EMIR OF IWO RUSE…AND THE JOKE IS ON OBA ABDUL-RASHEED AKANBI

When the python gets caught in the knot of its deadly curl, it becomes food for the hyena and a joke to the millipede. The Oluwo of Iwo, Oba Abdul-Rasheed Akanbi, is not a python but he is currently caught in the wave of his own storm. Colourful and controversial, the Oluwo has become (in) famous for his predilection to get into spats with whoever got in his way or attempted to.

If he is not displaying his gaudy lifestyle on social media, including new material acquisitions, he is posting childlike videos like an excitable kid just experiencing a smart phone. In a fit of power-drunkenness, the Oluwo, cracked an expensive joke, when he said he would love to be addressed as an Emir by the Muslim community. The monarch of the largely Moslem town in Osun State, who always hopped from one controversy to the other in recent time, immediately came under stringent attacks especially that such allusion was deemed disrespectful to the Yoruba culture and tradition.

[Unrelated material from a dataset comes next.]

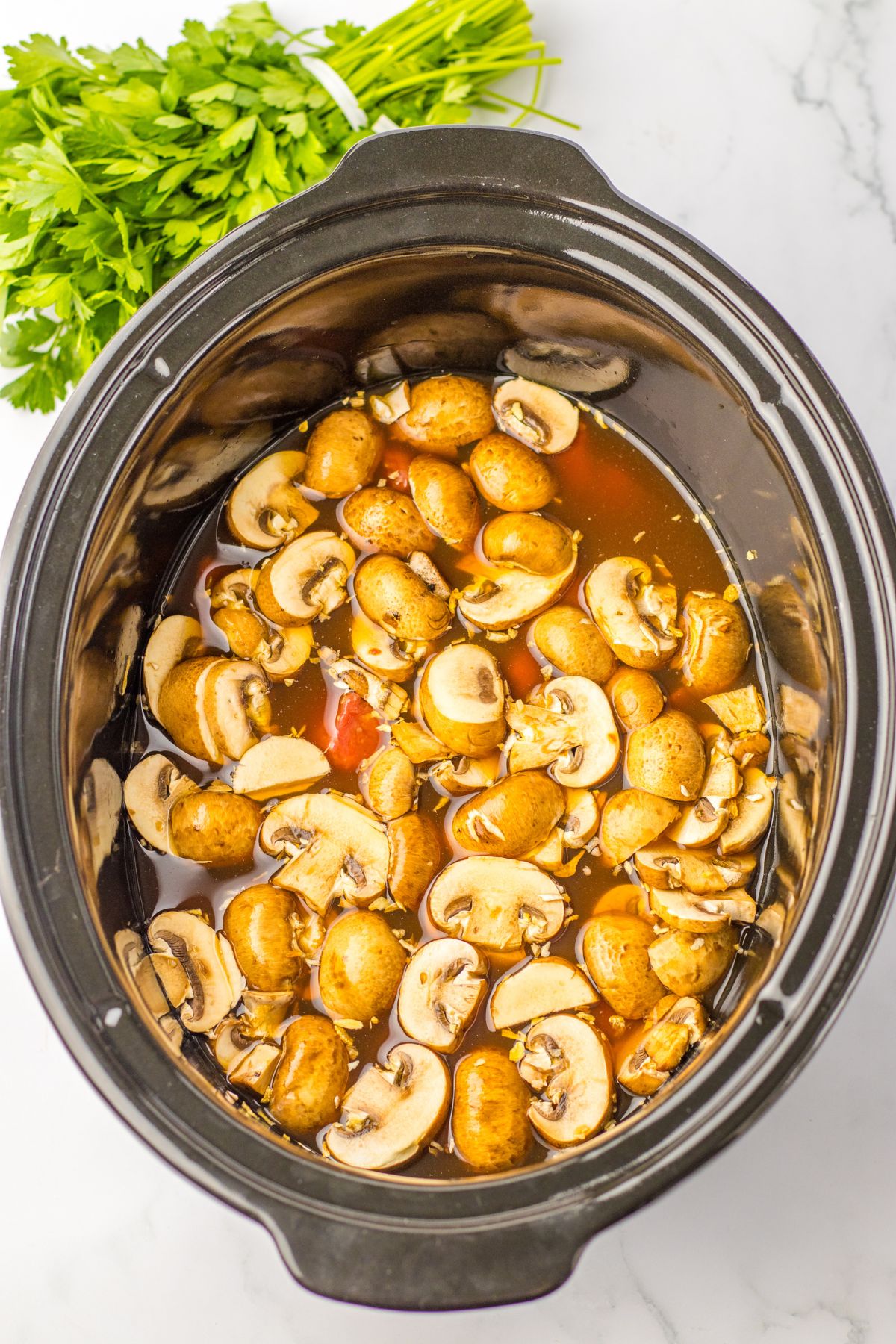 mushrooms, beef, and other soup ingredients in a slow cooker.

He later came out to say he was misunderstood and denied ever saying that. You couldn’t have forgotten so soon how he stripped Chief Abiola Ogundokun of all chieftaincy titles, ranging from Islamic and social to traditional titles conferred on him by the Iwo Traditional Council. The Iwo monarch accused Ogundokun of disrespecting him as well as making utterances and actions he described as anti-Iwo.

However, the 82-year-old Ogundokun, forged in the political warfare of the 70s through the 80s to the Sani Abacha days, has described the Oluwo as incompetent to strip him of any title. “I have been maintaining and using my money to keep him. A few months ago, he told the whole world that Ogundokun is the best Iwo man. He said if he had two Ogundokuns in Iwo, he did not need anybody again.

He is doing this because I advised him against criminality, to stop collecting money from people he does not intend to confer chieftaincy titles on.” To underscore that the King might just be on an exuberant spree, religious leaders across the three local government areas that make up the ancient town, as well as the five royal families, in a meeting held at the Iwo Central mosque, faulted the decision of the monarch and unanimously passed a vote of confidence on the high chief. They maintained that Ogundokun has not done anything that contravenes neither Islamic doctrine nor traditional norm, which necessitated the action of the king.